Le monde de Charles Stross, c’est celui qui résulterait de la rencontre entre Ian Fleming et Howard P. Lovecraft, avec une pointe d’ironie pour l'amalgame. Les amateurs de L’Appel de Cthulhu (le jeu de rôle de Chaosium, cf. cet article, mais plutôt en version Delta Green) ou de X-Files (cf. cet article) lèvent déjà un sourcil à la manière de Spock : ce livre est fait pour eux. Mais d’autres pourront y prendre goût, surtout s’ils apprécient un cynisme omniprésent (celui de l’agent doué mais maladroit qui passe son temps à râler sur son sort) et des situations complètement délirantes, lesquelles rappellent parfois certains épisodes des romans de Brian Lumley, ce continuateur de Lovecraft qui racontait comment on pouvait déloger un Chthonien à coups de bombes A, ou encore le postulat à la base d'un film comme Iron Sky. Sauf que là, les perspectives de fin du monde sont occultes, dans le sens de "cachées du grand public" : que ce soit une entité cosmogonique se nourrissant d’énergie ou un dispositif grillant les cerveaux au travers des caméras de surveillance, seuls les agents spéciaux et quelques témoins malheureux seront au courant.

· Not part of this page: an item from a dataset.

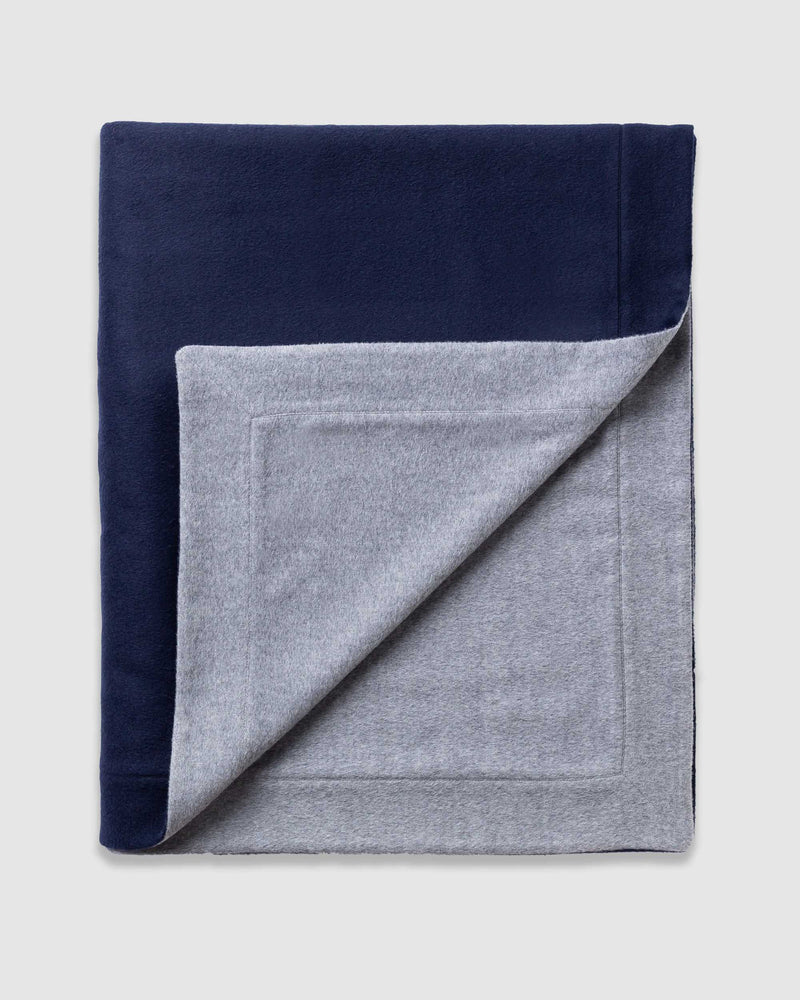King Hudson Blanket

Bref, des histoires d’épouvante écrites sur une trame d’espionnage. Ou le contraire. L’auteur s’en justifie d’ailleurs, et cite ses sources et ses références, dans une postface particulièrement intéressante, où l’on apprend par exemple que le roman Les Puissances de l’Invisible de Tim Powers surfe sur les mêmes principes.

Ainsi, page 26 :

Voyez-vous, tout ce que vous savez sur la manière dont fonctionne l’univers est correct – seulement il y a un petit problème : ce n’est pas le seul univers dont nous ayons à nous soucier. De l’information peut s’infiltrer d’un univers à un autre. Il y a des choses qui écoutent, et qui répondent : voir Al-Hazred, Nietzsche, Lovecraft, Poe, etc. Ceux-aux-nombreux-angles, comme on dit, vivent au fond de l’ensemble de Mandelbrot, sauf lorsqu’une incantation convenable dans le domaine platonique des mathématiques – informatisées ou non – les attire. (Et vous qui croyiez que cet économiseur d’écran fractal faisait du bien à votre ordinateur…)

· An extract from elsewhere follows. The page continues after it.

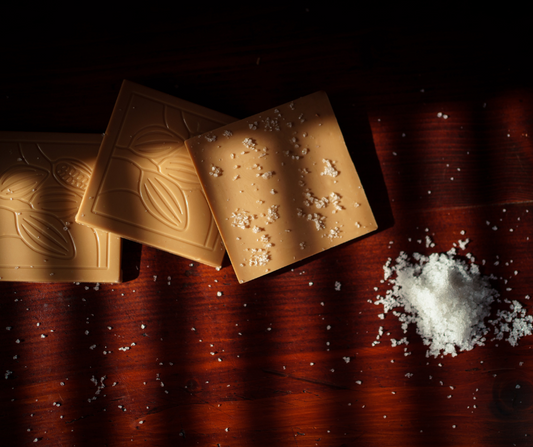 Cioccolato al Caramello | Salfiore di Cervia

La première histoire (la plus longue) devient captivante dans sa seconde moitié, avec ces perspectives d’apocalypse silencieuse et ces morts-vivants nazis d’outre-monde : on trouvera des échos troublants dans le prologue du crossover Marvel Fear itself (cf. notre dossier sur la chronologie Marvel) avec ses disciples de Crâne Rouge tentant d’invoquer des forces mystiques, quoiqu'employées via des tournures plus proches du Hellboy de Mignola. Le début en revanche paraît quelquefois rébarbatif, tant on nage en eaux troubles sans vraiment de repères significatifs ou d’action.
La nouvelle suivante (qui a obtenu le prix Hugo 2005 du meilleur roman court), très dense et plus cohérente, se suit à un rythme soutenu. Ce qu’elle implique fait froid dans le dos. 

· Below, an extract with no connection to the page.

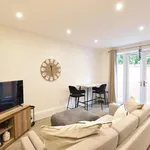 Rent 1 bedroom apartment in Mole Valley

Visiblement satisfait de la tournure que prenait son univers décrit, Stross a par la suite rédigé de nombreux autres textes s'inscrivant dans une série sobrement intitulée La Laverie. Cet ouvrage peut donc être considéré comme une bonne entrée en matière et ceux qui ont apprécié seront ravis d'apprendre qu'ils pourront prolonger leur plaisir avec des récits du même acabit, certains ayant également été récompensés (The Apocalypse Codex, prix Locus  en 2013, Equoïde, prix Hugo en 2014) mais tous ne sont pas encore traduits, même si les éditions 500 Nuances de Geek s'y attèlent activement.

À tenter.


+ Les points positifs - Les points négatifs
  • Savoureux mélange de dark fantasy, d'anticipation et d'espionnage.
  • Un univers très proche de nous, dont l'auteur explore les zones d'ombre avec acuité et pertinence.
  • Un humour sous-jacent constant, grinçant et parfois brillant.


  • Des références à la pelle, qui peuvent embrouiller le néophyte.
  • Une mise en place dense mais parfois confuse.